You are viewing a plain text version of this content. The canonical link for it is here.
Posted to user@nutch.apache.org by Tom Chiverton <tc...@extravision.com> on 2016/10/17 15:38:00 UTC
Trouble fetch PDFs to pass to Tika (I think)
A site I am trying to index has it's HTML content on one domain, and
some linked PDFs on another (an Amazon S3 bucket).

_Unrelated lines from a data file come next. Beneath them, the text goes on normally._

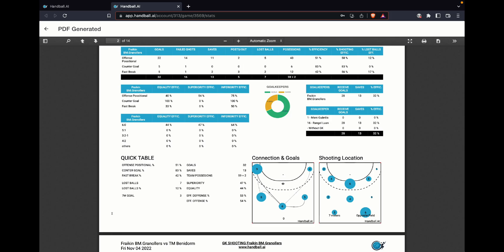And the counter goal. Counter goal means when we get a goal and we start to run to put a fast goal. Connections and goals—this allows me to see, for example, which player in that position, how many goals they are making, the player in that position, and how are the connections to that player, how many assists we have to that player. And here we have the shooting location.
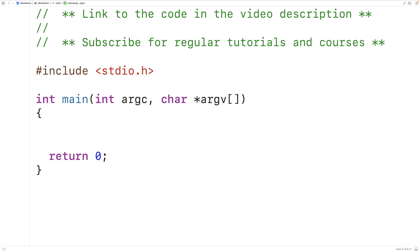In this video, we're going to learn how to return a string from a function using C. There are actually multiple ways to return a string from a function in C, depending on where and how the string is stored in memory. Strings in C are stored as sequences of characters in memory, where the last character is the special null terminator character that signifies the end of the string.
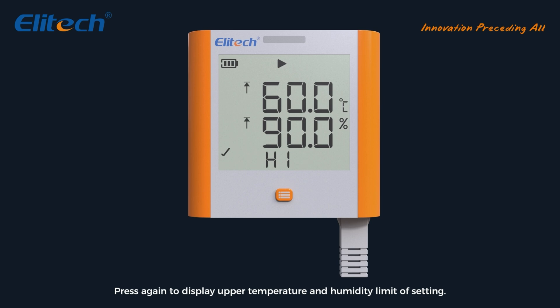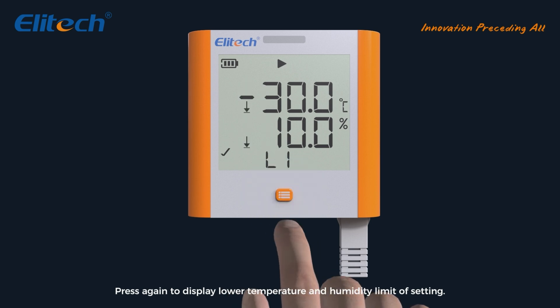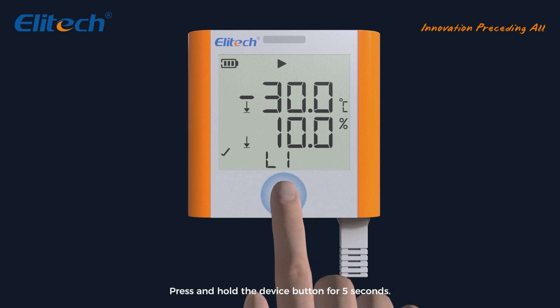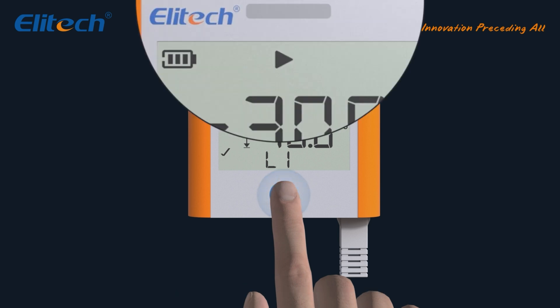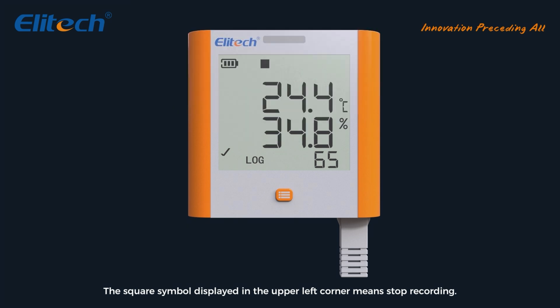Stop the device recording if necessary: press and hold the device button for five seconds. The square symbol displayed in the upper left corner means stop recording.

So I have set up my plugin.includes in site.xml :
<value>protocol-httpclient|urlfilter-regex|index-(basic|anchor|more|metadata)|query-(basic|site|url|lang)|indexer-solr|nutch-extensionpoints|summary-basic|scoring-opic|urlnormalizer-(pass|regex|basic)|parse-(html|tika|metatags)</value>
and made sure regexp-urlfilter.xml is OK with it all.

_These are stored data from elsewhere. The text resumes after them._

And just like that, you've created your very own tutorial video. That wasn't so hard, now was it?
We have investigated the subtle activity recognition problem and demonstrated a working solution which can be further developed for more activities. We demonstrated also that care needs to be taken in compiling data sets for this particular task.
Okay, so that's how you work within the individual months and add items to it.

But I observe some oddness during fetching, and can't locate the PDFs in
the Solr collection.
All the content on the PDF domain flys past with no pause :
-finishing thread FetcherThread8, activeThreads=0
-finishing thread FetcherThread9, activeThreads=0
0/0 spinwaiting/active, 0 pages, 0 errors, 0.0 0 pages/s, 0 0 kb/s, 0
URLs in 0 queues
-activeThreads=0
Using queue mode : byHost
Fetcher: threads: 10
Fetcher: throughput threshold: -1
Fetcher: throughput threshold sequence: 5
fetching https://s3-eu-west-1.amazonaws.com/.... (queue crawl delay=5000ms)
and then it hits the primary domain and starts pausing between each :
Turning the log level for the fetcher to debug I see
DEBUG fetcher.FetcherJob - Denied by robots.txt: https://s3-eu-west-1.

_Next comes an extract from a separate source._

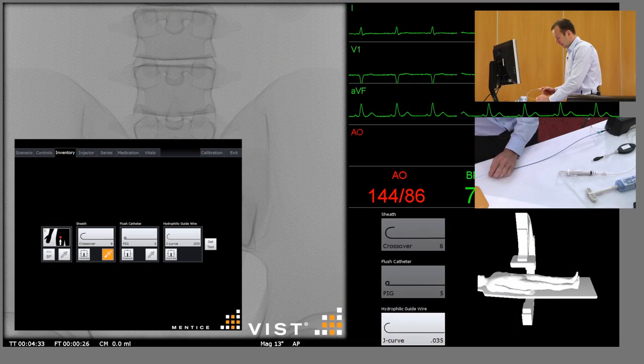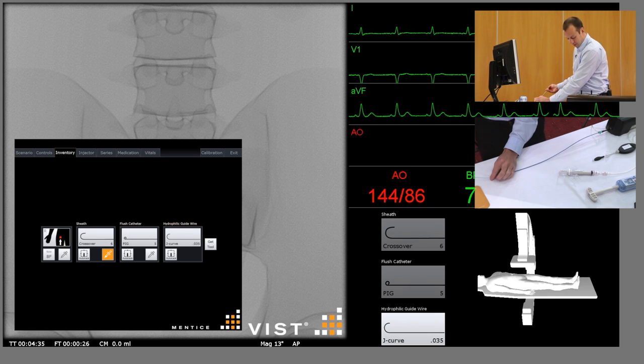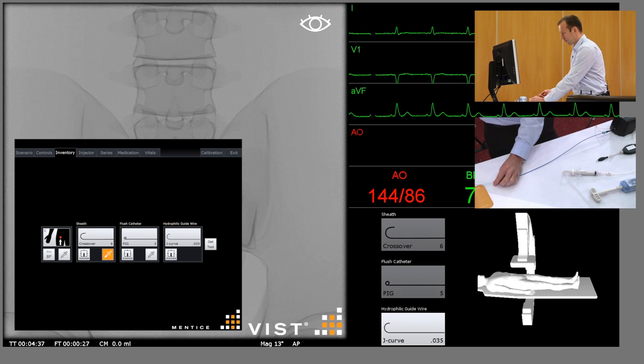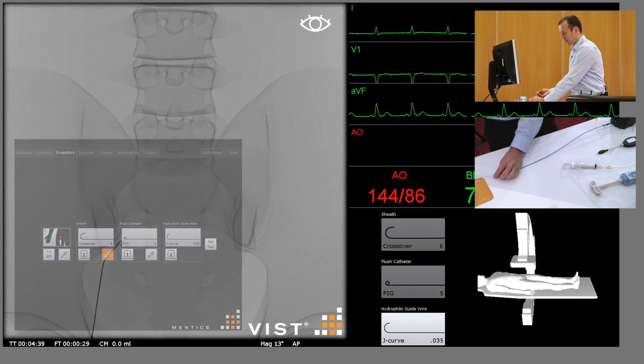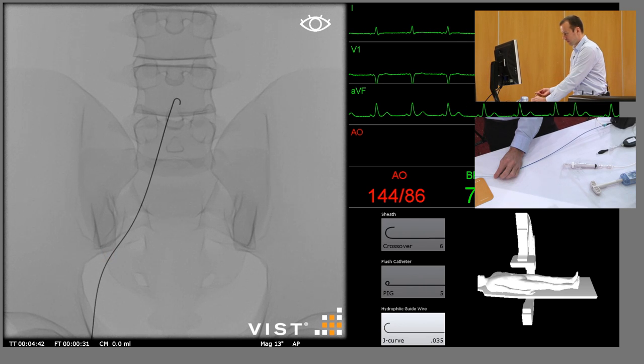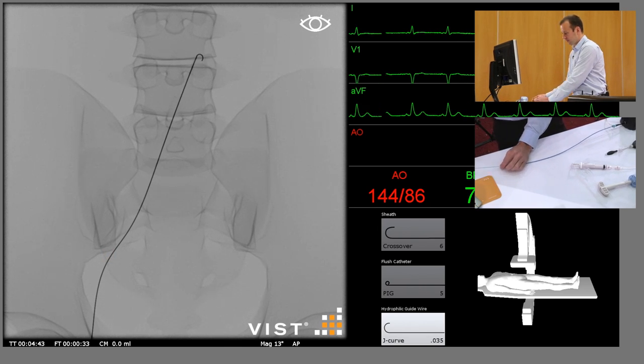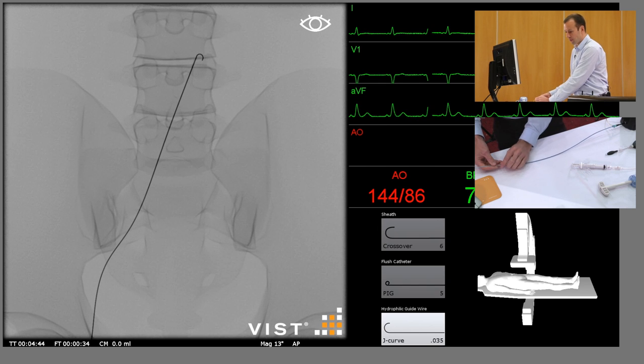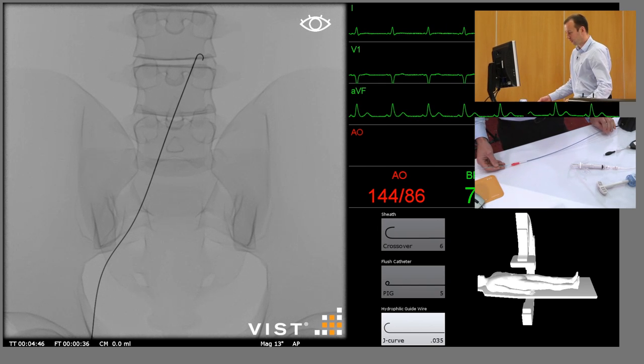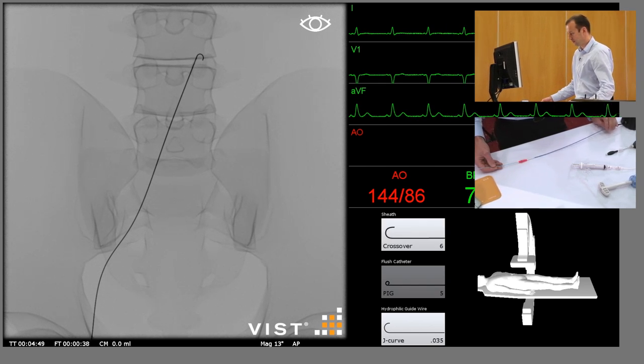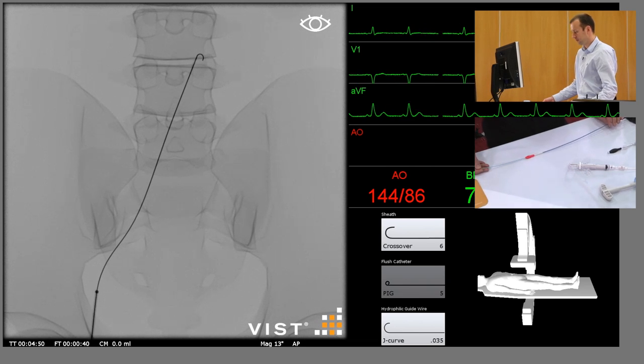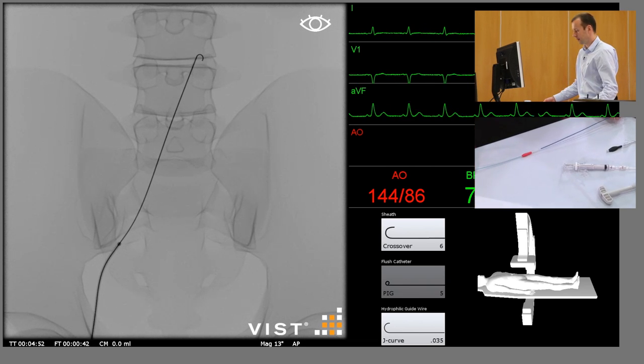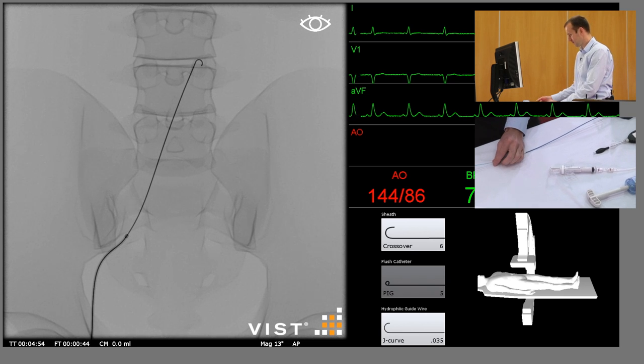We're going to start with the standard J-tip guide wire which will advance into the abdominal aorta, and over that we're just going to insert a six French sheath and we'll leave that in the iliac at the moment.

but there is no robots.txt in the root of the Amazon S3 URL -
https://s3-eu-west-1.amazonaws.com/robots.txt is a 403 !
Any ideas what could be up ?
--
*Tom Chiverton*
Lead Developer
e: tc@extravision.com <ma...@extravision.com>
p: 0161 817 2922
t: @extravision <http://www.twitter.com/extravision>
w: www.extravision.com <http://www.extravision.com/>
Extravision - email worth seeing <http://www.extravision.com/>
Registered in the UK at: 107 Timber Wharf, 33 Worsley Street,
Manchester, M15 4LD.
Company Reg No: 0\u200c\u200c5017214 VAT: GB 8\u200c\u200c24 5386 19
This e-mail is intended solely for the person to whom it is addressed
and may contain confidential or privileged information.
Any views or opinions presented in this e-mail are solely of the author
and do not necessarily represent those of Extravision Ltd.
Re: Trouble fetch PDFs to pass to Tika (I think)
Posted by Tom Chiverton <tc...@extravision.com>.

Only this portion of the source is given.